Of course I haven't had the chance to paddle one or better yet, run one with a motor but I have absolutely no doubt at all that I could safely stand in one.

I'd love to have the opportunity to rig and fish one but that just isn't in the cards for me. My wallet is very flat and I don't see much chance of it re-inflating under Hillary.


----------



## 69Viking (Oct 30, 2008)

Any update on Kayaks available for this year? I went to Broxson's and really like the Old Town Predator PDL, seems to have everything you need and built solid. Right now that is the one I'm leaning towards. I'll know for sure once I get with Nick and schedule a Demo on one!


----------



## slivkamj (Jan 1, 2008)

I'm still waiting for Jackson to release their Coosa FD in May before deciding whether to break away from my heavy PA14 (2012 model). Still a great machine, but even with the boonedox, I still despise the weight, hence sluggishness. I too want to get with Nick and try a Predator before making any decisions.


----------



## barefoot (Nov 3, 2011)

69Viking said:


> Any update on Kayaks available for this year? I went to Broxson's and really like the Old Town Predator PDL, seems to have everything you need and built solid. Right now that is the one I'm leaning towards. I'll know for sure once I get with Nick and schedule a Demo on one!

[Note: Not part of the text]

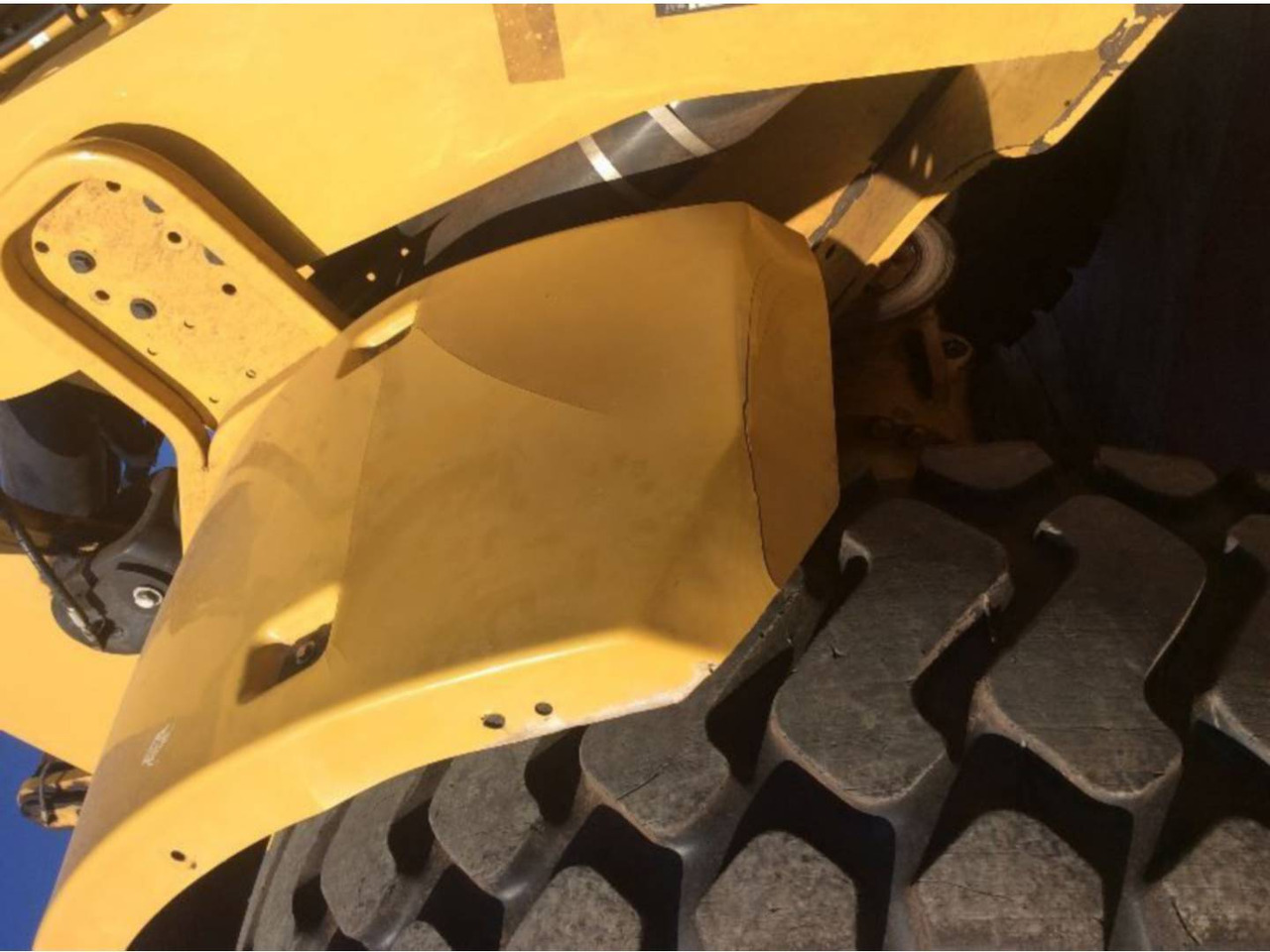 Chargeuse sur pneus CAT 938M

The PDL is a good solid kayak. I know 2 people w/ them, they both love them.

The Pescador pilot has a good layout, nice yak platform but the drive is noisy, bet they fix that for next yr.

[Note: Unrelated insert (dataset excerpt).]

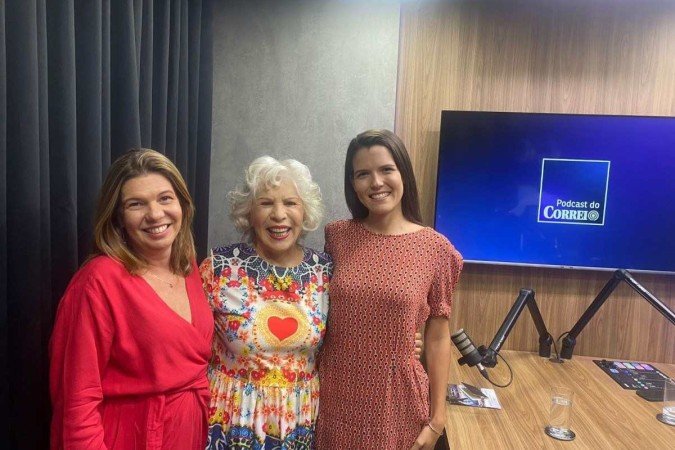 Sibele Negromonte, Cosete Ramos e Mariana Nierderaurer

The radar 115/135 series w/ the helix drive looks promising with the spring loaded retractable drive system.


----------



## Cebral (Mar 19, 2017)

Thanks for taking the time putting all this information in one spot. I will be in the market later this year. This makes it much easier when it is all laid out like this.


----------



## Justroge8 (Mar 15, 2016)

Just got the Predator PDL a few weeks ago. Best money ever spent. Very stable, not hard on the legs even after six hours of fishing. Drive is smooth and easy. Not overly heavy at around 100lbs with the drive installed. If I had it to all over again I'd still go worth the PDL, prior to buying I tried out all of the PDLs on the market as of now.


----------



## perchjerker (Mar 2, 2012)

Here is an article and photos of the Coosa.

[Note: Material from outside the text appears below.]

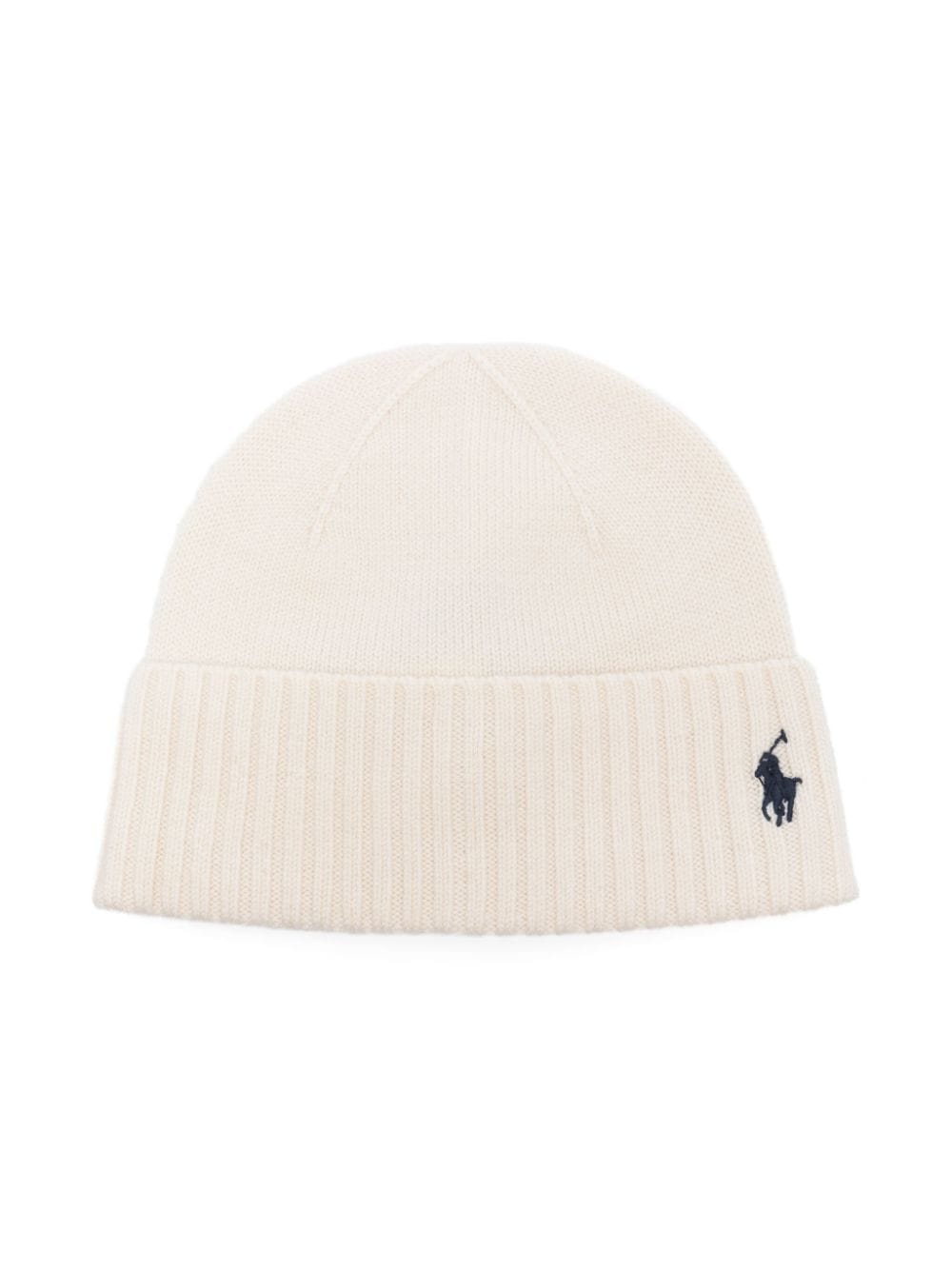 POLO RALPH LAUREN KIDS wool beanie - Neutrals von POLO RALPH LAUREN KIDS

http://www.kayakfishmag.com/editors-pick/coosa-fd-gives-old-jackson-new-kick/

I've been researching peddle yaks. I like the Perception Pilot 12. I hope to purchase one 
soon.


----------



## fireman286 (Mar 15, 2015)

Any real world reviews on these boats yet?


----------



## SurfRidr (Apr 24, 2012)

Thanks for putting this together, Bruce. I have found that when I have short windows to go fishing, I often don't because my boat involves a finite amount of "work" to get it ready to go and then washed down and covered when I'm done. I would love to have something I can just slip into the water and fish for a few hours and I think the kayak makes the most sense. Thus, I've got my eye on entering the kayak fishing world and this is helpful.

Thanks for taking the time!


----------



## barefoot (Nov 3, 2011)

Sam, you'll enjoy kayaking for a variety of reasons. You'll see what I mean when you get settled into it.

The PDL is an awesome kayak, Hobie's are well...they're Hobies and the list goes on.
I suggest you try to demo your top 2-3 and see which one fits you best.


----------



## Snook (Jun 21, 2013)

Don't forget the Jackson Coosa FD:


----------



## lobsterman (Sep 30, 2007)

I too went with the PDL. I tried the Native slayer propel, did not like it one bit. Tried the Hobie Compass and liked it ok, but the up and back pedal motion was extremely rough on my old knees. Then set up a trip with Nick and never looked back. Did not try a Jackson but cannot imagine it being any more stable or comfortable than the PDL.Hoping to blister some fish this weekend too.


Sent from my iPhone using Tapatalk


----------